Heterogeneous Robot Exploration with CBS Task Allocation

Overview

This course project extends a ground-robot exploration framework to a heterogeneous UAV–UGV team.

We introduce a region-level Conflict-Based Search (CBS) allocator that dynamically reassigns subregions based on real-time information gain and robot status.
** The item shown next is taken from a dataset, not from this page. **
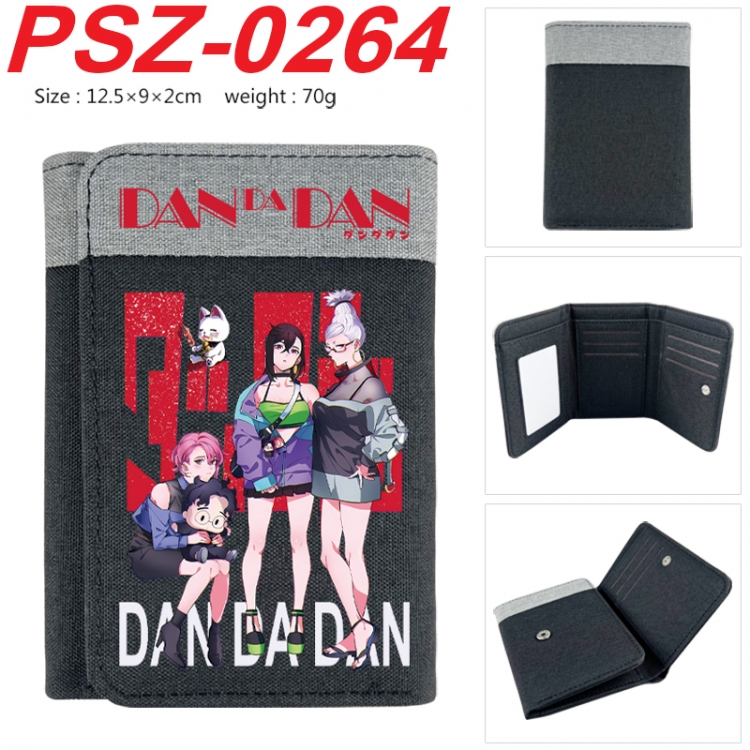 DANDADAN Anime color blocked three fold concealed wallet 12.5X9X2CM 70G  PSZ-0264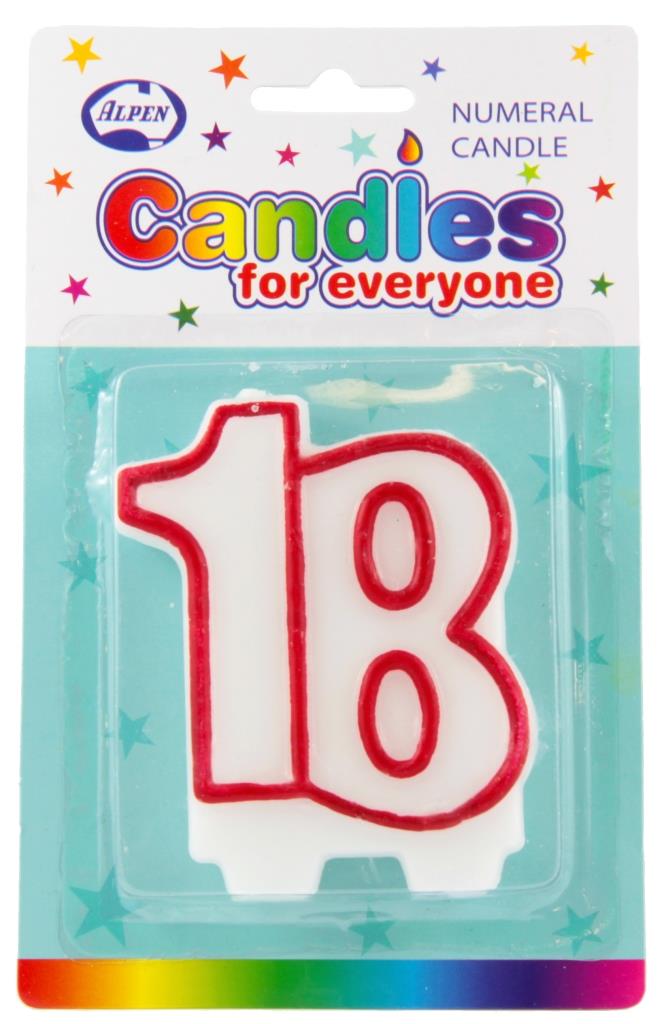 CANDLE NUMERAL #18 NIS Packaging & Party Supply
Each robot plans globally with PRM–TSP to visit assigned regions efficiently and locally with A* for collision-free motion.

CMU 16891 Multi-robot Planning and Coordination - Course Project, Feb.–Apr. 2025


System at a Glance

  • Shared global map + IG grid computed from each robot’s occupancy map.
  • CBS task planner partitions the space into subregions and assigns them to robots with soft/hard constraints to avoid duplicate coverage.
  • Per-robot planners: PRM–TSP for visiting sequence across assigned regions; A* for local paths.
  • Dual-mode execution: robots explore independently; CBS triggers replans when regions finish or a robot stalls, enabling adaptive collaboration.

Pipeline
Exploration → IG grid → CBS Region Assignment → Per-robot PRM–TSP → Local A* → Map/Status update → (Re)plan as needed.

system overview

Figure 1 – System Pipeline


Methods

CBS Region Allocator

The CBS allocator divides the environment into fixed-size subregions and assigns them to robots based on global/local information gain, supporting soft/hard constraints for stalled or blocked areas.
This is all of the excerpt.